<font color="grey">Qi Yu (University of Konstanz)  |  ZHAW, March 03-04, 2022</font>

# 1. Basics

## 1.1 Install NLTK

In [None]:
!pip install nltk

## 1.2 Import NLTK

In [None]:
import nltk

## 1.3 Install additional components

**1. The following line opens a separate window with which you can choose additional components to install:**

In [None]:
nltk.download()

**2. Alternatively, you can also install a certain component by specifying the name. E.g., downloading the Brown corpus:** 

In [None]:
nltk.download("brown")

# 2. Accessing corpora provided by NLTK

**Use submodule ```nltk.corpus``` to access corpora:**

In [None]:
from nltk.corpus import brown
brown_words = brown.words()
print(brown_words)
print("Total token amount:", len(brown_words))
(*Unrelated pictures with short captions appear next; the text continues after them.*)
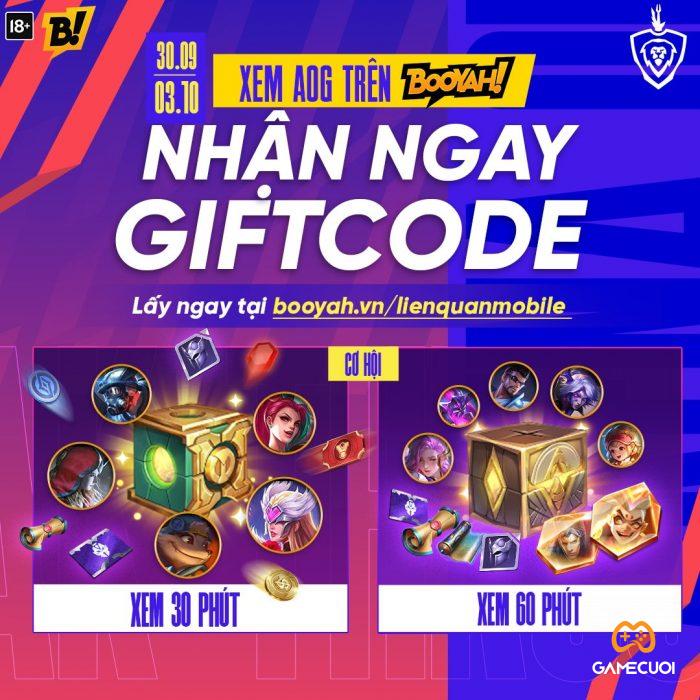 xem booyah nhận giftcode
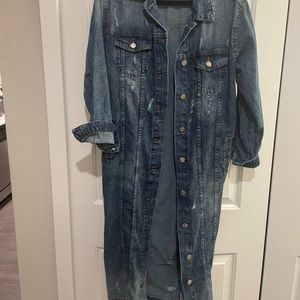 Long denim jacket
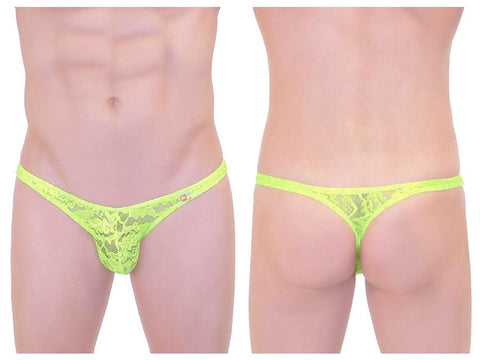 Floral Lace Thong Green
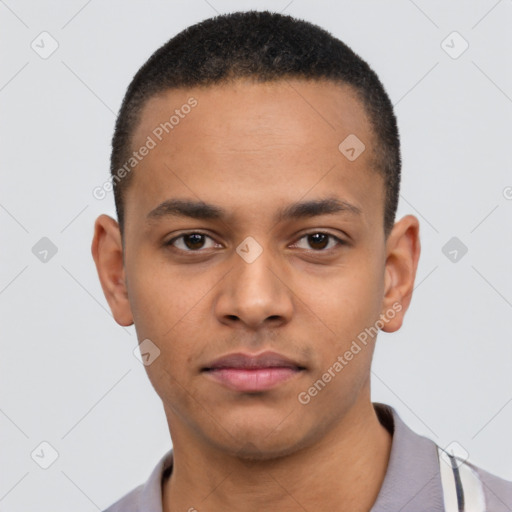 Neutral black young-adult male with short  brown hair and brown eyes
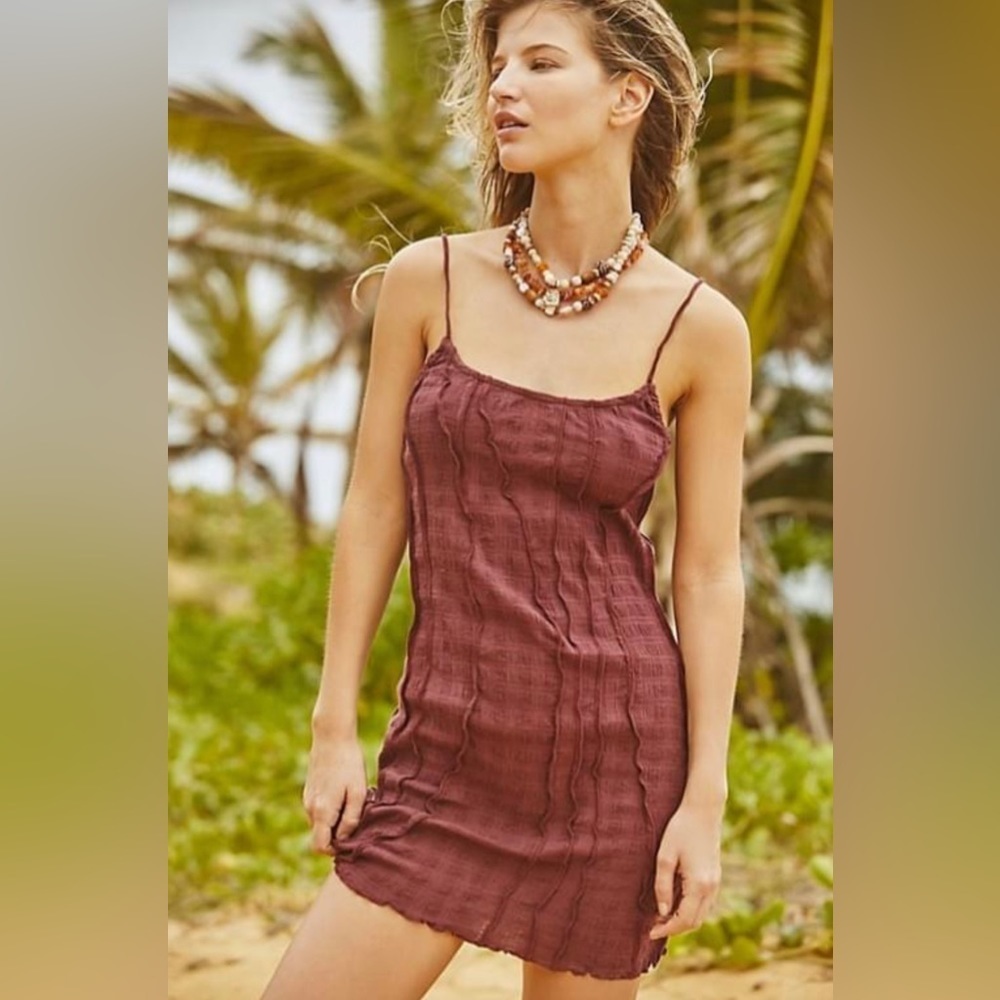 NWOT Free People Throwing Shade Mini Dress Burgundy Size Small Wild Garnet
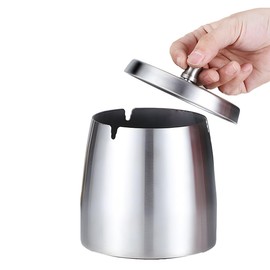 Ruayia Ashtray with Blanket, Storm Ashtray, Wind Ashtray, Stainless Steel, Storm Ashtray with Non-Slip Base, Standing Ashtray for Outdoor and Indoor Use, Large Format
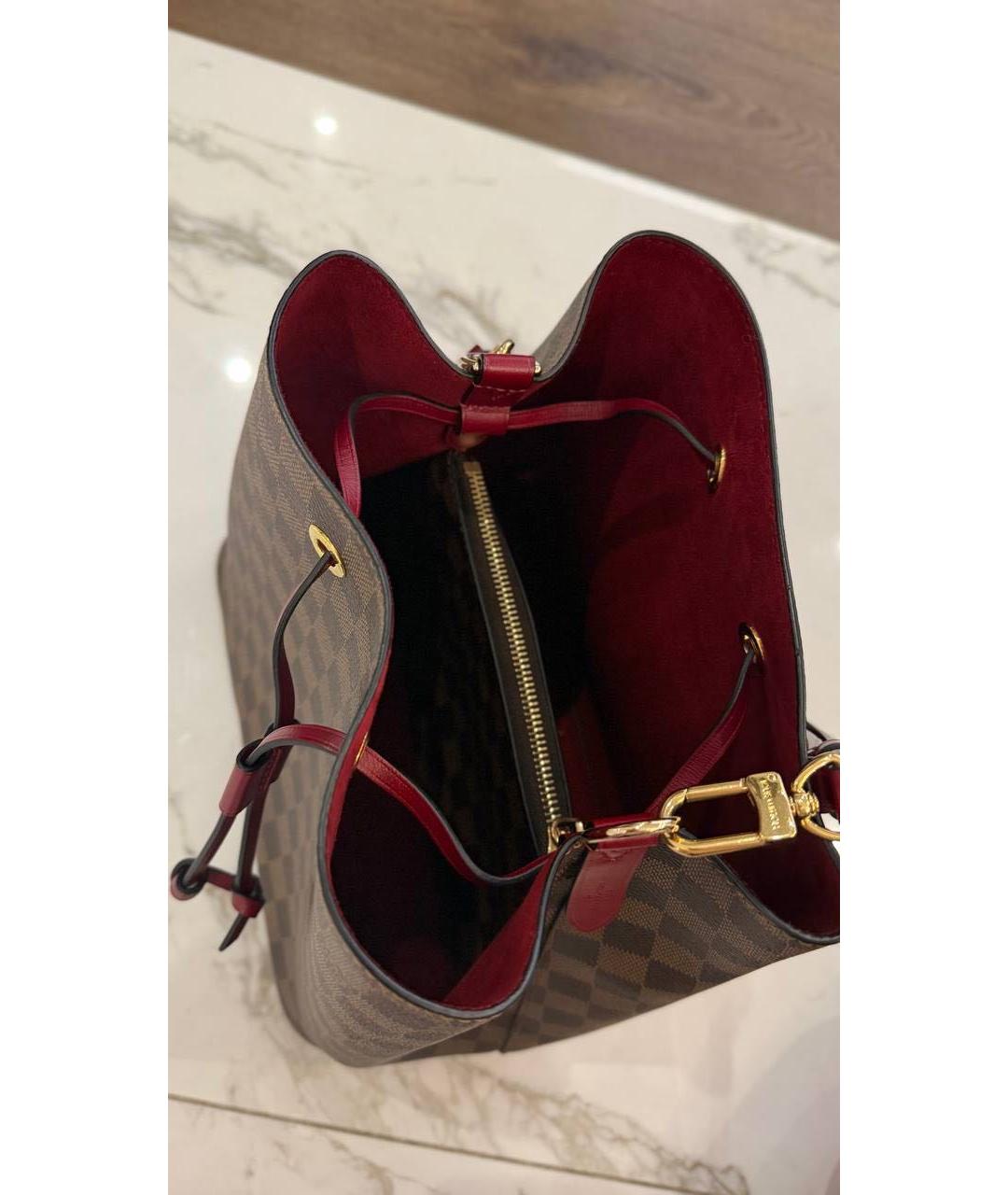 LOUIS VUITTON Коричневая кожаная сумка тоут, фото 5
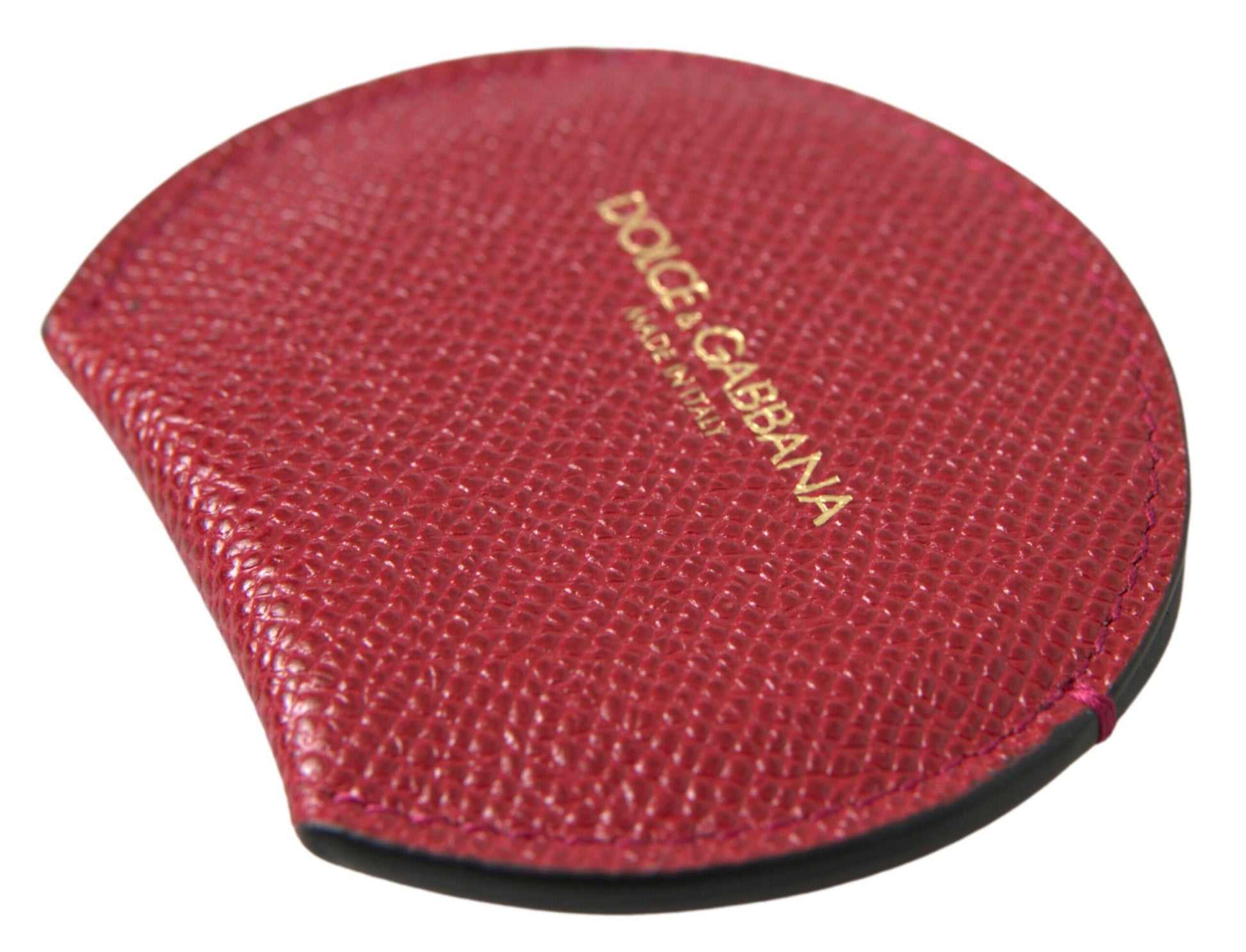 Dolce & Gabbana Red Calfskin Leather Round Hand Mirror Holder - ClickThatClicks 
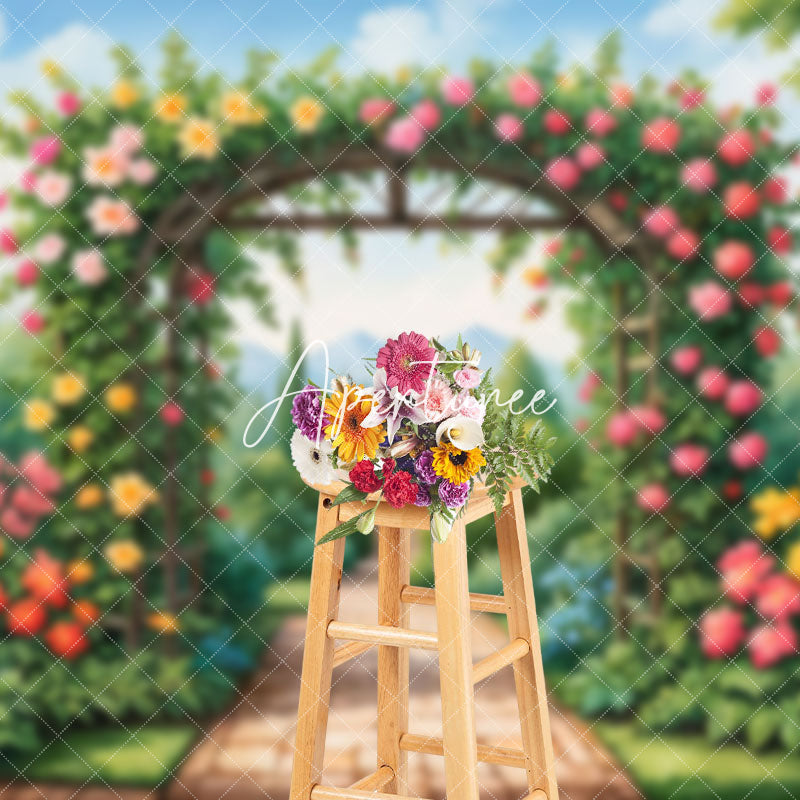 Aperturee - Aperturee Vibrant Garden Archway Rose Hydrangea View Backdrop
# 3. Processing own text data with NLTK

**We will work with the file ```peterpan_cleaned.txt``` which you created from the exercise ```peterpan.ipynb```.**

In [None]:
f = open('peterpan_cleaned.txt','r')
text = f.readlines()
f.close()

In [None]:
text

**Remove line breaks by using the method ```strip()```.**

**```strip()``` removes any leading and trailing characters. If no argument is passed to it, it will remove leading and trailing spaces by default.**

In [None]:
lines_cleaned = []
for line in text:
    line = line.strip()
    if line:
        lines_cleaned.append(line)

In [None]:
lines_cleaned

In [None]:
text = " ".join(lines_cleaned)
text

## 3.1 Tokenization

**1. Tokenize sentences:**

In [None]:
from nltk.tokenize import sent_tokenize

In [None]:
sentences = sent_tokenize(text)

In [None]:
sentences

In [None]:
len(sentences)

**2. Tokenize words:**

In [None]:
from nltk.tokenize import word_tokenize

In [None]:
text_tokenized = word_tokenize(text)

In [None]:
text_tokenized

## 3.2 POS-tagging and lemmatizing

**NLTK provides the submodule ```WordNetLemmatizer``` for lemmatization.**

**Attention: ```WordNetLemmatizer``` requires the POS-tag of a token. So always first POS-tagging, then lemmatizing!**

In [None]:
from nltk import pos_tag
from nltk.stem import WordNetLemmatizer

In [None]:
pos_tagged = pos_tag(text_tokenized)
pos_tagged

In [None]:
lemmatizer = WordNetLemmatizer()

for word, pos in pos_tagged:
    pos = pos[0].lower()
    if pos[0].lower() not in ['a', 'r', 'n', 'v']:
        pos = 'n'
        
    word_lemmatized = lemmatizer.lemmatize(word, pos)
    print(word, "-->", word_lemmatized)

## 3.3 Stemming

**Here we will use the Snowball Stemmer:**

In [None]:
from nltk.stem import SnowballStemmer

In [None]:
stemmer = SnowballStemmer(language='english')

In [None]:
for word in text_tokenized: 
    word_stemmed = stemmer.stem(word)
    print(word, "-->", word_stemmed)

## 3.4 Removing stop words and punctuations

**Remove stopwords:**

In [None]:
from nltk.corpus import stopwords

In [None]:
stop_words = stopwords.words('english')
stop_words

**Remove punctuations:**

In [None]:
import string

In [None]:
punct = string.punctuation
punct

In [None]:
text_cleaned = []
for token in text_tokenized:
    if not token in stop_words and not token in punct:
        text_cleaned.append(token)

In [None]:
text_cleaned

# 4. Parsing

**We will use the Stanford CoreNLP API in NLTK to do constituency parsing and dependency parsing (See the general information [here](https://stanfordnlp.github.io/CoreNLP/other-languages.html#python)).**

**Stanford CoreNLP is a Java library, so it requires [Java](https://www.java.com/en/download/) to be installed on your computer.**

**To start the Stanford CoreNLP server, please follow the steps below:**

1. Download the Stanford Corenlp [here](https://stanfordnlp.github.io/CoreNLP/download.html).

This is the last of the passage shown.